Getting Back to Basics
I was sitting in the front row at the Embassy of Israel in Washington, DC, when Israeli Ambassador Ron Dermer made a statement that drew applause from the Christian leaders in the room: “The stronger the Christian identity, the stronger the support for Israel.”
Dermer said a Christian’s identity comes from the teachings of the Old and New Testaments; and the deeper Christians are rooted in God’s Word, the more likely they will support Israel.
Of course, without the right hermeneutic, even devout Christians go astray when it comes to Israel. But Ambassador Dermer’s statement has merit. When we read the Scriptures, we cannot escape the fact that, from Genesis to Revelation, God has a unique plan for the Jewish nation.
But what happens when Christians stop reading the Bible? What happens when we forget how David defeated Goliath or how Jesus fed 5,000 people with five loaves of bread and two fish? Or worse, we never learn of these events or teach them to our children?
According to LifeWay Research, this isn’t a hypothetical problem. The crisis of biblical illiteracy in America, including in the church, is real.
A survey taken this year reveals that almost 87 percent of American households own a Bible and 81 percent believe the Bible is the inspired Word of God; but for 53 percent of these Americans, that’s not enough reason to pick it up and read it. To make matters worse, only 3 percent of teenagers read the Bible daily.
Years ago, researchers George Gallup and Jim Castelli concluded, “Americans revere the Bible—but, by and large, they don’t read it. And because they don’t read it, they have become a nation of biblical illiterates.”
What happens when Christians don’t read the Bible? They lose God’s point of view and adopt a worldview of their own. Biblical illiteracy is profoundly affecting the church and the way it views the core tenets of the faith. The LifeWay Research survey discovered that one in five evangelical Christians believe there are multiple ways to get to heaven, even though Scripture clearly teaches the only way is through faith in Christ (Acts 16:31; Eph. 2:8–9).
Major doctrinal issues concerning salvation in Christ alone, the Trinity, and God’s plan for Israel become less substantive when the Bible becomes less important in a Christian’s life.
Another symptom of biblical illiteracy is the moral deterioration in both home and society. Of those surveyed, 81 percent believe America is in a steady moral decline. The Scriptures once anchored us to home and society. But as more and more people know less and less about God’s Word, the biblical worldview fades, supplanted by
personal opinion. The result: the death of right and wrong.

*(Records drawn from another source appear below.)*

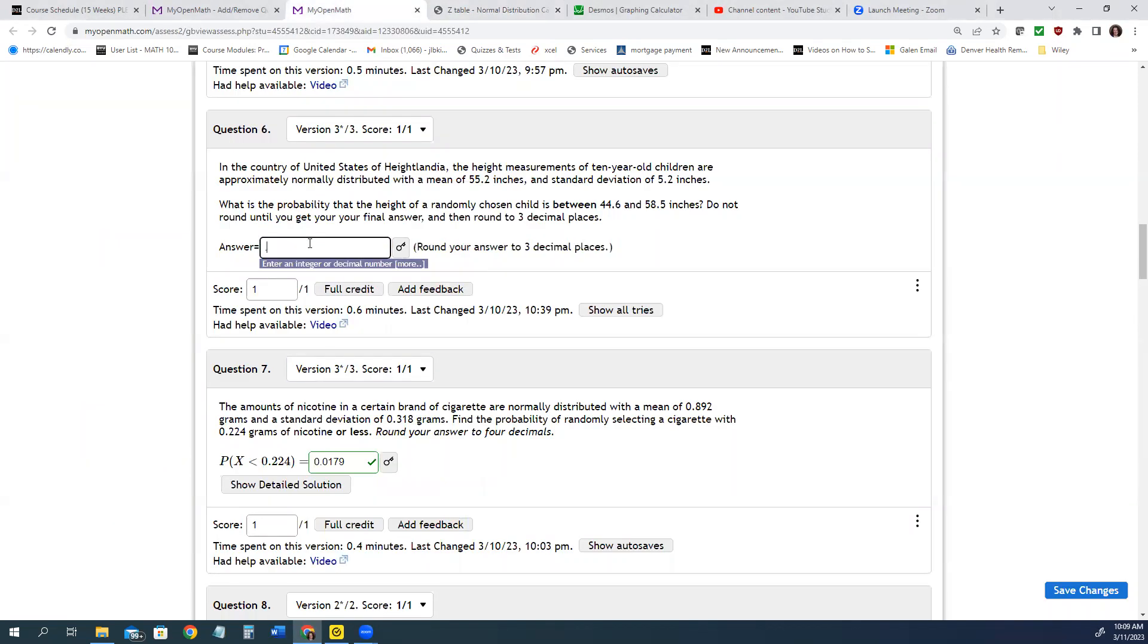So 0.716 and hit enter. If it doesn't accept it, let me know. But that is how you do the between. Thank you for watching. And let me know if you have any questions.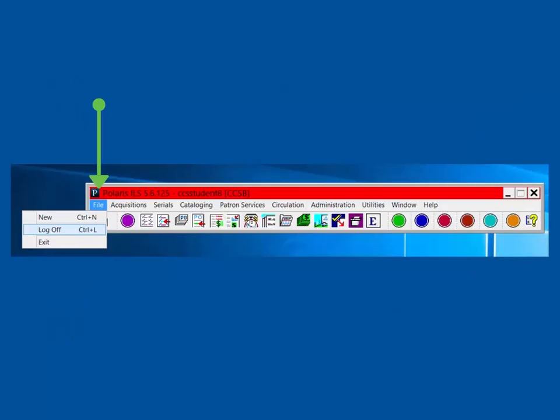When you are finished in the client, select File and either Log Off or Exit. Log Off will log the current user off but keeps the client open for the next user. Exit will log the current user off and close the client.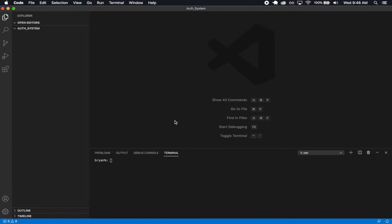How's it going, guys? Welcome to the next section where we're actually going to start implementing some code.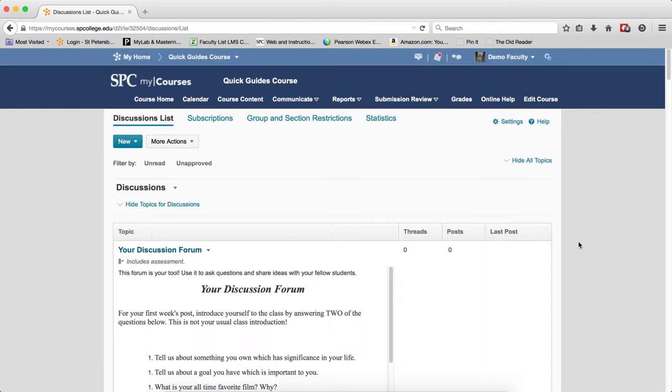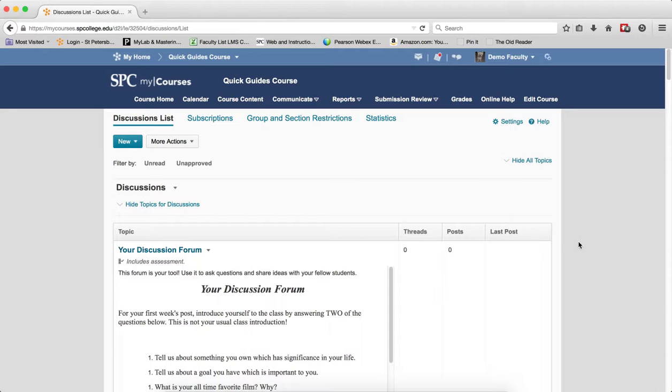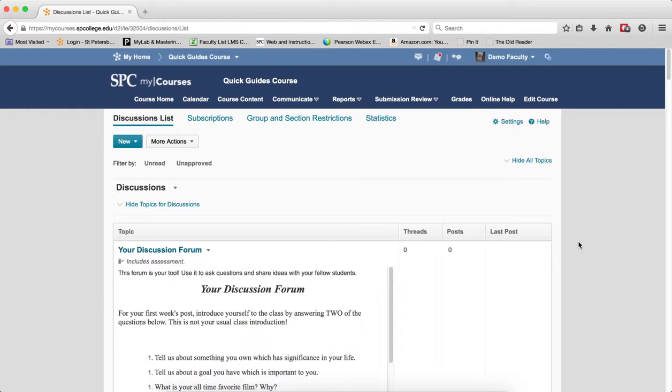Step two in the process is to delete the grade item, since it is not associated with a Dropbox, quiz, or discussion. You've disassociated that by either deleting the grade item or unlinking it. Make sure you review those tutorials on how to disassociate or unlink.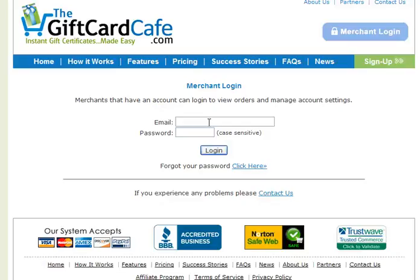Hi, in this video we're going to walk you through your new account setup steps, actually step one, setting up your merchant account. This video is specifically if you have an Authorize.Net merchant account.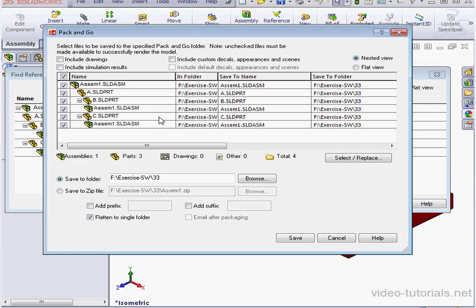Here's the Pack & Go dialog window. The first step is to check the files that we want to copy. We can include drawings, simulation results, custom decals, appearances, and scenes.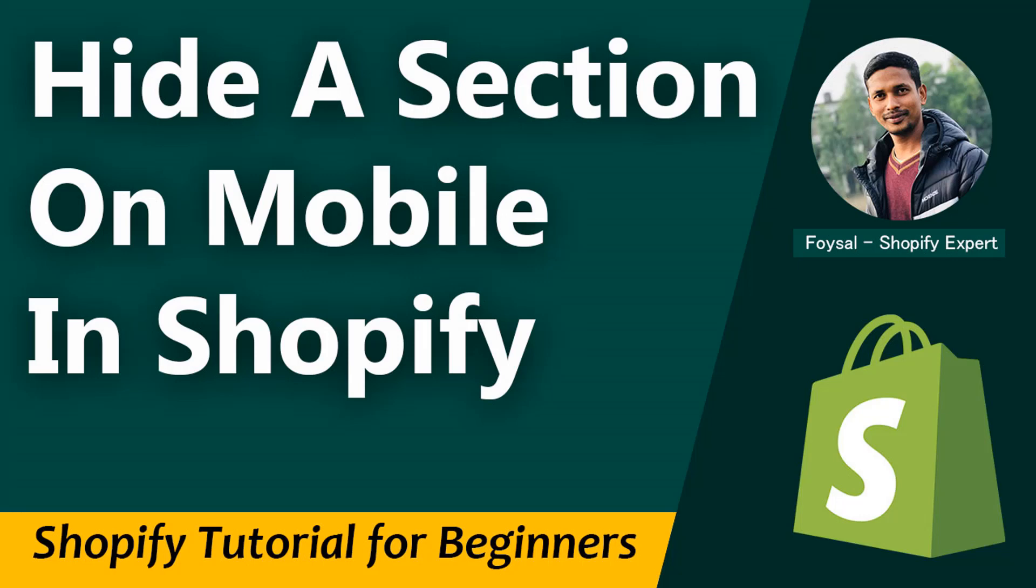Hey there, welcome to Evin, my YouTube channel. In this tutorial, I'm going to show you how to hide a section on mobile in Shopify. If you've started your online business with Shopify and you want Shopify easy customization tutorials to customize your online store without hiring a developer or without any coding skill, then this tutorial will be helpful for you.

It’s time to go back to square one. Wrote Albert Mohler, president of The Southern Baptist Theological Seminary in Louisville, Kentucky, “Churches must recover the centrality and urgency of biblical teaching and preaching, and refuse to sideline the teaching ministry of the preacher. Pastors and churches too busy—or too distracted—to make biblical knowledge a central aim of ministry will produce believers who simply do not know enough to be faithful disciples.”
At home, we need a resurgence of simple Bible reading. We need to introduce our children and grandchildren to the life-changing Scriptures and instill in them a love for and discipline in reading God’s Word.
It’s never too late to start. In fact, today is a great day to begin. After dinner, open the Bible and read a chapter to your family. Encourage your children or grandchildren to spend five minutes a day reading God’s Word and then pray with them. If we all take these small steps, perhaps we can ignite new generations whose Christian identities are found in the Scriptures and who have God’s point of view.